Святослав несколько раз попытался окликнуть невесту, но его голос пролетал мимо прижатых к голове ушей. Юноша быстро сдался и побрел к столу, ища среди завалов кусок сала, о котором говорил призрак.
– Что-то ты совсем невесел, – склонил голову набок Влас, не торопившийся оборачиваться обратно человеком.
– А чего мне веселиться? – нахмурился Святослав, с трудом сдерживая отвращение. Под палящим солнцем еда успела изрядно попортиться, и стоило птицам отвлечься, пищу тут же облепили мухи. Вот уж славный пир вышел, ничего не скажешь!
– Ну как, Яга же сказала, как нам княжество выручить. Все сделаем и вернемся, как ни в чем не бывало. Ты княжить будешь, на Милораде женишься, – Свят готов был поклясться, будь Влас сейчас в человечьем обличии, он бы пожал плечами, как ни в чем не бывало.
– Ну да, ясное дело, – буркнул юноша и стиснул челюсти. Негоже ему, как девке, ныть и сетовать, что каждая его попытка поправить дела в княжестве и сделать хоть что-то хорошее оборачивается новыми несчастьями. А что будет, когда они с Кощеем разберутся? Какая новая напасть будет их ждать?
Свят столько времени посвятил книгам, чтобы знать, как мудрые мужи заморские справлялись с голодом и усмиряли смуты, боролись с хворями, пожиравшими целые города, как саранча. Но ни в одной книге ни слова не было сказано про нечисть, что заявляется к тебе на порог и чинит свои собственные порядки.
– Ты слишком много о дурном думаешь, вот оно к тебе и липнет, – со знанием дела сказал Влас. Свят злобно зыркнул на него, но ничего не сказал. Рука наконец нашарила в куче объедков подтаявший, но вполне целый кусок сала. Свят облегченно вздохнул и, завернув еду в отданную Ягой тряпицу, бросил ее в котомку за спиной.
Оставалось только забрать вещи из терема.
Совсем опустевший, родной дом выглядел незнакомым, чужим. Так некстати затеянная Даной перестановка и вовсе стерла привычные черты. Святослав озирался по сторонам, точно вор-неумеха, влезший в чужие хоромы, пока хозяева отлучились по делам.
Милорада, уставшая к тому времени гонять птиц, поравнялась с женихом на пороге и с важным видом проговорила.
– Надо отыскать все, что поможет нам не пропасть в кощеевом царстве.
– Например? – обреченно вздохнул Святослав.

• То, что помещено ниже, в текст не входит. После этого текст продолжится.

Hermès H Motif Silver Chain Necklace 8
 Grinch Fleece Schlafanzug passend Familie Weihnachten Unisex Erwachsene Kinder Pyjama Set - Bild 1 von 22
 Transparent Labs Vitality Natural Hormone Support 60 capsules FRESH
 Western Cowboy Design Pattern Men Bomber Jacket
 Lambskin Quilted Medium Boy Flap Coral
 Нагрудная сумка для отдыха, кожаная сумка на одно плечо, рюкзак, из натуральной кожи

Как бы ни был бодр и весел Влас, его собственное сердце ныло от дурного предчувствия и обвившегося вокруг груди отчаяния. Не идти было нельзя.
– Шубы. Или тулуп хотя бы. Там холодно, что даже мертвецы мерзнут, – объяснила Милорада.
Свят кивнул и направился вглубь комнат. Милорада потрусила за ним. Хотелось как-то утешить жениха, отвлечь. Хоть подставить мягкий живот, чтоб тот его наглаживал, понемногу отрешаясь от тревог. И вновь стянула ее душу тоска по нежному женскому телу.
– Вот увидаю Дану, сама с нее шкуру спущу, этими когтями, – гордо пообещала она.
Свят скосил на нее глаза, во взгляде читалась усталость и что-то еще. Что-то, что так больно ранило девушку в глазах Яги этой же ночью. Разочарование.
– Хватит тебе на рожон лезть, – только и сказал Свят.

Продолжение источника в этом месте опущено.